PROBLEM REQUIREMENTS:
Copy exactly the lines of the records below, and only those lines, beginning with the line that contains "AMMONIUM BROMATUM D12, 10" and ending with the line that contains "Signature Design by".

DATA EXCERPTS:
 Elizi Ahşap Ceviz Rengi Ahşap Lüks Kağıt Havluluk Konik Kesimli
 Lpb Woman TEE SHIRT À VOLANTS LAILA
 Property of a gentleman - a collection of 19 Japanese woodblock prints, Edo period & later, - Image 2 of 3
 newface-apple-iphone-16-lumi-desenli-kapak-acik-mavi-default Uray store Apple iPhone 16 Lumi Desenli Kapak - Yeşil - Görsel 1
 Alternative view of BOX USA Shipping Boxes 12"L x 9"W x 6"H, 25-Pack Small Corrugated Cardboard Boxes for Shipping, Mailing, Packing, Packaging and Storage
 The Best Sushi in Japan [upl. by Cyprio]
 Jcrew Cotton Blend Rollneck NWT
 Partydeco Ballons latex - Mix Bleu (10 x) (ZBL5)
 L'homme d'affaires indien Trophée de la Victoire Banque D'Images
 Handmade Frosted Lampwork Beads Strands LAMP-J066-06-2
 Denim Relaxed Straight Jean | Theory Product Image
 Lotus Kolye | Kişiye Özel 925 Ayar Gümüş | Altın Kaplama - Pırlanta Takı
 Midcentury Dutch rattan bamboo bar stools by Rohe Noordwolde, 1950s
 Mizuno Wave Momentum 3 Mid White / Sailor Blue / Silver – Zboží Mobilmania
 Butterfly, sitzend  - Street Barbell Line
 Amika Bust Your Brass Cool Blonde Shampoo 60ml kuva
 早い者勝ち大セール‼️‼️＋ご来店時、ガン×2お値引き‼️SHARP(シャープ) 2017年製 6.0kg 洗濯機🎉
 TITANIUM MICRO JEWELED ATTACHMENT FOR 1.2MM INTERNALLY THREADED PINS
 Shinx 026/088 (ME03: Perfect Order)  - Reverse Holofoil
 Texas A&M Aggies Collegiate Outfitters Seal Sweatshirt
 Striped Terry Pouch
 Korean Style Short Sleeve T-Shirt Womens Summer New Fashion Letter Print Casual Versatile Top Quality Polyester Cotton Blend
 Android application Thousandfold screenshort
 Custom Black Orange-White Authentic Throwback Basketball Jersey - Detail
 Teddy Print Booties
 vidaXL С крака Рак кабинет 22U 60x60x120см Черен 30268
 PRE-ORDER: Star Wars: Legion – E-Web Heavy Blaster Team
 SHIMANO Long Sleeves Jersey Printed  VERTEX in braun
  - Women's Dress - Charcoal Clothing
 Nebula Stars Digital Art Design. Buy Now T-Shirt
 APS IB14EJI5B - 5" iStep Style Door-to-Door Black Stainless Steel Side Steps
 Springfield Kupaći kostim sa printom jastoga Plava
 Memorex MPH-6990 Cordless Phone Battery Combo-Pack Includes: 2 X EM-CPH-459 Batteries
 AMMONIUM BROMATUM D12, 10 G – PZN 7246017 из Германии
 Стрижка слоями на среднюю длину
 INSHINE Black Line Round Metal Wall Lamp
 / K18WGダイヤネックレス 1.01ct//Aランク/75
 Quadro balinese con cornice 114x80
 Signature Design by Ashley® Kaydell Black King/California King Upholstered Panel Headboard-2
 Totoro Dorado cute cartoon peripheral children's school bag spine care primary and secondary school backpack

REPLY:
 AMMONIUM BROMATUM D12, 10 G – PZN 7246017 из Германии
 Стрижка слоями на среднюю длину
 INSHINE Black Line Round Metal Wall Lamp
 / K18WGダイヤネックレス 1.01ct//Aランク/75
 Quadro balinese con cornice 114x80
 Signature Design by Ashley® Kaydell Black King/California King Upholstered Panel Headboard-2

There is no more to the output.